Maya Alcantara

Personal information
- Full name: Maya Taylor Rosales Alcantara
- Date of birth: July 22, 2000 (age 25)
- Place of birth: Rancho Cucamonga, California, U.S.
- Height: 1.78 m (5 ft 10 in)
- Position(s): Defender; midfielder;

Team information
- Current team: Kaya–Iloilo
- Number: 14

Youth career
- Legends IE

College career
- Years: Team / Apps / (Gls)
- 2018–2021: Saint Mary's Gaels / 54 / (4)
- 2022: Georgetown Hoyas / 22 / (0)

Senior career*
- Years: Team / Apps / (Gls)
- 2024–: Kaya–Iloilo / 0 / (0)

International career^{‡}
- 2022–2024: Philippines / 9 / (2)

Medal record
Women's football
Representing the Philippines
AFF Women's Championship
| Winner | 2022 Philippines | Team |

= Maya Alcantara =

Filipino footballer (born 2000)

Maya Taylor Rosales Alcantara (born July 22, 2000) is a professional footballer who plays as a defender or a midfielder for PFF Women's League club Kaya–Iloilo and the Philippines women's national team.

==College career==
===Saint Mary's College of California===
Alcantara played her first four years of collegiate soccer at Saint Mary's College of California.

===Georgetown University===
In 2022, Alcantara pursued her graduate studies at Georgetown University. She was included in the women's soccer team squad.

==International career==
===Philippines===
Alcantara was included in the Philippines squad for a month-long training camp in Australia.

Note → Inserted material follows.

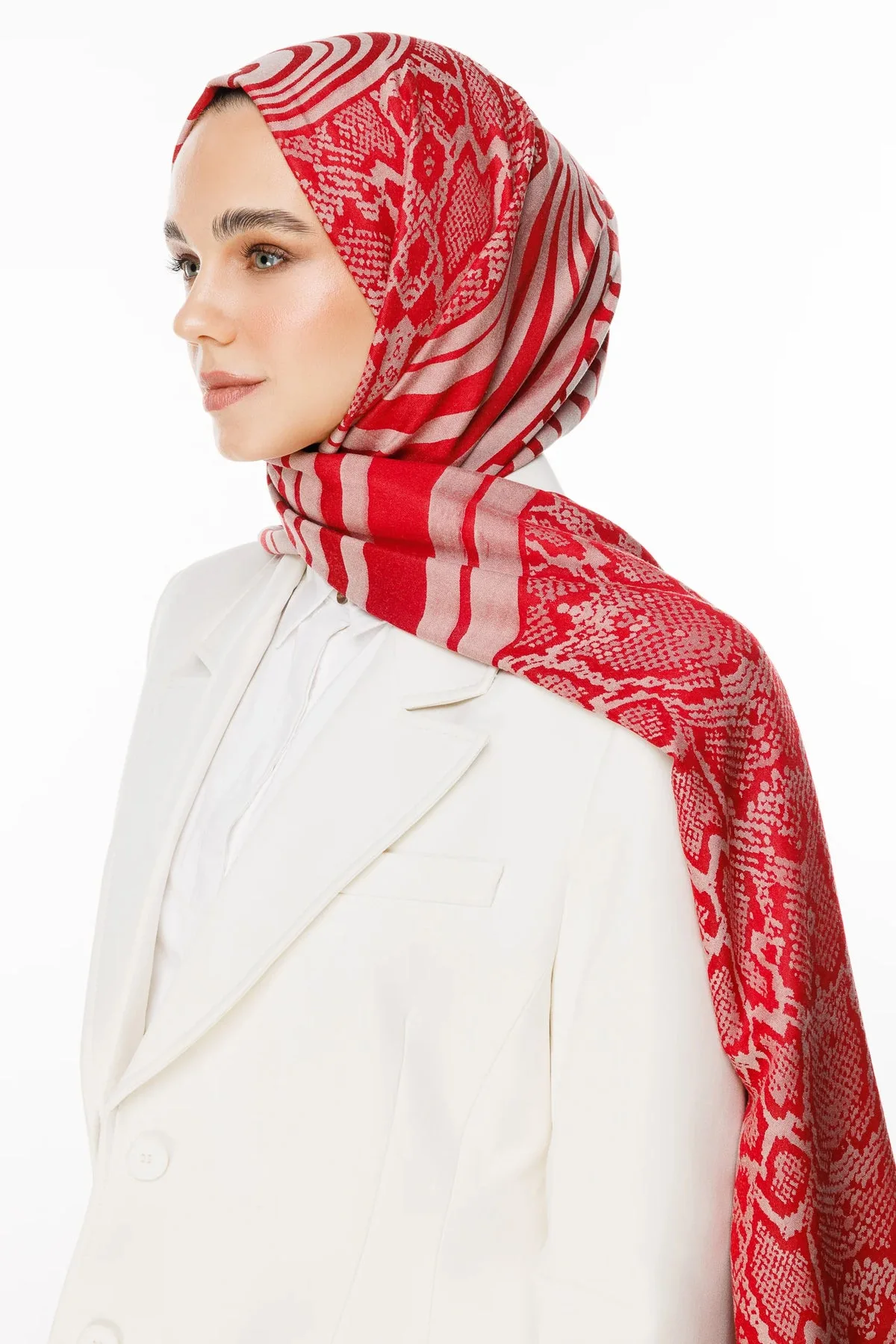 Bordo-Mint Yeşili Riad Desen Çift Taraflı Şal · Kaşmir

The training camp was part of the national team's preparation for the 2021 Southeast Asian Games held in Hanoi, Vietnam.

Alcantara made her debut for the Philippines in a 7–0 win against Singapore in the 2022 AFF Women's Championship. She made her second appearance for the Philippines in a 4–0 win against Malaysia. Philippines ended up winning the 2022 AFF Women's Championship title.

==Career statistics==

Scores and results list the Philippines' goal tally first.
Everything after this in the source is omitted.